LA TERTULIA DEL FIN DEL MUNDO


En “El restaurante del fin del mundo”, la segunda mejor novela humorística de ciencia ficción que se pueden leer en nuestro planeta, Douglas Adams describe uno de los lugares más turbios del universo: un extraño restaurante que ofrece en cada cena un fascinante espectáculo a todos los comensales. El local posee la capacidad de viajar en el tiempo, de forma que cada noche adelanta quinientos setenta y seis mil millones de años y se acerca al momento del fin del mundo, al instante preciso en el que todo el cosmos colapsará y desaparecerá para siempre.
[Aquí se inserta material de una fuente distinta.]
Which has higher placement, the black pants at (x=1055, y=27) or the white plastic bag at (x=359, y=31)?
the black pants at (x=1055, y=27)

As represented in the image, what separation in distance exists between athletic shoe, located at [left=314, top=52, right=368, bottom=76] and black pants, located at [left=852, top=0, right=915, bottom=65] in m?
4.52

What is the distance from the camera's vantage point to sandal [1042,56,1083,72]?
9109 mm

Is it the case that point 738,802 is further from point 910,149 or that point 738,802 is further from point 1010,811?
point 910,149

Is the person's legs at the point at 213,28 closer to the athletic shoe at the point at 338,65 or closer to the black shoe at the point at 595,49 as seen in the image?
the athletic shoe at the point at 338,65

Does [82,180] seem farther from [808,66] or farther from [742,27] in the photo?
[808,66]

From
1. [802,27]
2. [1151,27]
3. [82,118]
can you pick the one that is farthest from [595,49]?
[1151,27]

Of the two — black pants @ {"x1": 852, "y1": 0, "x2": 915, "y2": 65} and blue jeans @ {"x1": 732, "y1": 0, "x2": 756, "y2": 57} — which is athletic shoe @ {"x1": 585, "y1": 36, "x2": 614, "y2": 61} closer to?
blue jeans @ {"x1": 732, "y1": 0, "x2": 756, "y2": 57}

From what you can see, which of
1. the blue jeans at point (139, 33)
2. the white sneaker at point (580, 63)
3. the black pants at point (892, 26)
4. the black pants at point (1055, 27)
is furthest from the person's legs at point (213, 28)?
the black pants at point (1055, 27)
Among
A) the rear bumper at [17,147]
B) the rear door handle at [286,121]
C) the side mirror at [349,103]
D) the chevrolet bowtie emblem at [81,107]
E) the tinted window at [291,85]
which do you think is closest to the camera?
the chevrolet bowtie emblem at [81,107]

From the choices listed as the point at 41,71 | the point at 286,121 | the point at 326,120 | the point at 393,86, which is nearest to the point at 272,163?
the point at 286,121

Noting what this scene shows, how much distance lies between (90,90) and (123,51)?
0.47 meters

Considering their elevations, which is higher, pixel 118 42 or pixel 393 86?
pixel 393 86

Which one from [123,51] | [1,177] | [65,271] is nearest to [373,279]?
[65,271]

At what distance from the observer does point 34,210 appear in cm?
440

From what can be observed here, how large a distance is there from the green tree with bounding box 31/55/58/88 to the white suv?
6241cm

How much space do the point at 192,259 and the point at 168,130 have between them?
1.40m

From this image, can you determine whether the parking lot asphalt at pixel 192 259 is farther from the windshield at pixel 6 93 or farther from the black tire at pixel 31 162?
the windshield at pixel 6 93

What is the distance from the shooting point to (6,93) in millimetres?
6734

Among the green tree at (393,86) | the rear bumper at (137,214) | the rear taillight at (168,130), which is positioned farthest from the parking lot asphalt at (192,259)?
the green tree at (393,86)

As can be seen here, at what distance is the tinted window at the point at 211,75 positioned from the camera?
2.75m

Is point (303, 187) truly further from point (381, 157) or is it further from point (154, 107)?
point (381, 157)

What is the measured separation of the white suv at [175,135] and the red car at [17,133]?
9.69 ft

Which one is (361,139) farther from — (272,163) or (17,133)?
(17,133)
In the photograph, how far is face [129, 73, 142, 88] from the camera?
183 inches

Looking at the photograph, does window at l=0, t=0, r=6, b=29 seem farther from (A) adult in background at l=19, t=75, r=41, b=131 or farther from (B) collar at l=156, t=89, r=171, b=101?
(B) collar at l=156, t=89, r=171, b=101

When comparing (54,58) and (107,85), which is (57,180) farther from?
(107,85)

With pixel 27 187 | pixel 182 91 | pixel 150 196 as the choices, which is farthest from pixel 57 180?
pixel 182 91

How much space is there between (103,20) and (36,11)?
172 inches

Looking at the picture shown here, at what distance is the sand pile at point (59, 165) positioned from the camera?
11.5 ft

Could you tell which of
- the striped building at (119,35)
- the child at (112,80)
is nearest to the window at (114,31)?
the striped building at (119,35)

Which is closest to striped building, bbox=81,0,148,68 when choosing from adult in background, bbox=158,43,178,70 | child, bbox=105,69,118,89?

A través de las gigantes cristaleras del restaurante los clientes contemplan cómo comienza a ocurrir el mismísimo apocalipsis mientras apuran sus postres o sus chupitos. Hasta que en el último segundo, justo cuando se va a consumar irreversiblemente el fin de todo, el operario del restaurante acciona la maquinaria necesaria para que el local regrese al momento presente entre los aplausos de la clientela. Y así todas y cada una de las noches.

Desde hace una semana cada informativo se ha convertido en el informativo del fin del mundo. Cada entrevista es la entrevista del fin del mundo. Por concretar en un único espacio, la tertulia nocturna que nos ofrece el canal 24 Horas de Televisión Española ha sido lunes, martes, miércoles -y apuesto a que también ayer jueves- la Tertulia del Fin del Mundo, un restaurante de comida griega en el que los tertulianos hacen viajar a los espectadores al fin de la cultura occidental, de Europa, de la moneda común, de la vida, del universo y de todo lo demás. Dirigidos por el chef Sergio Martín, “La noche en 24h” es un buffet libre que mezcla aromas de souvlaki y dolmadakia con palabras de sabor helénico como “siriza” o “varoufakis”, y que se cronotransporta constantemente al armageddon total para, justo en el último momento, echar el freno y devolver a la audiencia al tiempo actual. No les contaré lo que le ocurre al mundo, al fin del mundo y al restaurante del fin del mundo en la novela de Adams, pero sí me gustaría destacar que Martín tiene mucha, pero mucha mucha mucha menos gracia que Ford Prefect.